Whether it be in choir or in solo instruction, everybody warms up their instrument. Warm ups are the opportune time for the singer to implement good vocal techniques within the choir setting – good techniques that often stem from correcting the onset.
Many times, the open sound used to produce the most unified sound possible in the choral genre does not allow for the vocal chords to fully touch therefore hindering the production desired in solo instruction. Many solo students overcome the inability to utilize their whole instrument simply by correcting the onset. First and foremost, singers need to understand what exactly it feels like when their onset is correct.
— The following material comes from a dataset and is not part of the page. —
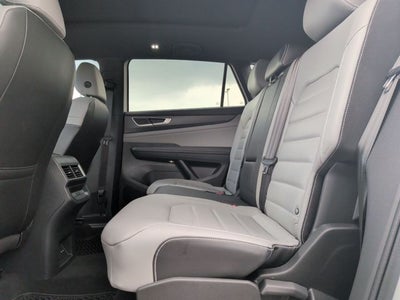 2024 Volkswagen Atlas Cross Sport 2.0T SEL R-Line
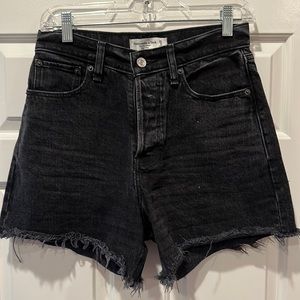 Abercrombie & Fitch, The Dad Short High Rise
One personal favorite pre-warm up is having the singer begin by saying the vowel “e” (i) and then singing it. Ask if the effect was the same between the spoken (i) and the sung (i). What was different? What felt different? How can we make the spoken (i) feel the same as the sung (i)? Just the cognitive recognition that there is a difference between spoken and sung when there need not be is the first, and most important step.
Breathing with a Conductor vs. Without
Let’s face it, those who have been in choir all have the same effect when the conductor raises that hand before the down beat-a big huge, open-mouthed breath. Appropriate for the choral genre, and not uncommon in solo singing as well, this preparatory breath allows the conductor and singer to be on the same page (hopefully). However, especially when pertaining to warming up in choir, the singer can unknowingly develop bad breathing habits that will not only hinder singing, but also eventually create a disjunct between the relationship to the prep beat of the conductor.
Most singers do not breathe deeply into their low abdomen as desired by the conductor when given the prep to breathe. For the most part, the reason is physiological in nature. Open mouthed breathing, which is often ineffective in the middle range, only targets the intercostal muscles. When lifting at the gym, weight-lifters do not take an open mouthed gasping breath to tap into their core and achieve maximum lift ability. They breathe through their nose just as any human does to say a sentence or, in the case of a disgruntled instructor, calm themselves down. Inhaling through the nose has the instinctual effect to trigger the lower intercostal muscles, and, most importantly, the lower abdomen. A singer’s ability to be conscientious of their breathing, if anything during warm ups in choir, will increase their ability to maintain deeper breaths and will transfer over into positive results during solo lessons.
Uniqueness Lends Itself to Divisions
In the instrumental world, there is a difference between marching band and concert band; in the athletic world, a difference between a long distance runner and a sprinter. Although each can be labeled under a general description, band and track respectfully for instance, they are unique and require unique training. A division will, and always should, exist between solo singing and choral singing in order to express the uniqueness of each genre. However, in understanding and utilizing the differences between the two genres, a singer increases their understanding of their own instrument and the ability to be flexible and versatile. After all, isn’t that the goal of the instructor – for the student to understand his/her instrument and sing healthy in any situation? The final suggestion for this article is to considering speaking with the choral directors for your singers. Discovering what that director is striving for within the choir will inform the instructor how to best implement the aforementioned techniques. It will also increase rapport with the choral teacher and drum up business.